-- Information provided follows --
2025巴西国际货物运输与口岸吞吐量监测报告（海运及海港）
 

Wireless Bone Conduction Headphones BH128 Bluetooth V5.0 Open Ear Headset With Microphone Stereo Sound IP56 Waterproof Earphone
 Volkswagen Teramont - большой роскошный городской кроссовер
-- Information provided concluded --
-- Task objective --
Once more, write out all the data exactly.

-- Solution for this task --
2025巴西国际货物运输与口岸吞吐量监测报告（海运及海港）
 

Wireless Bone Conduction Headphones BH128 Bluetooth V5.0 Open Ear Headset With Microphone Stereo Sound IP56 Waterproof Earphone
 Volkswagen Teramont - большой роскошный городской кроссовер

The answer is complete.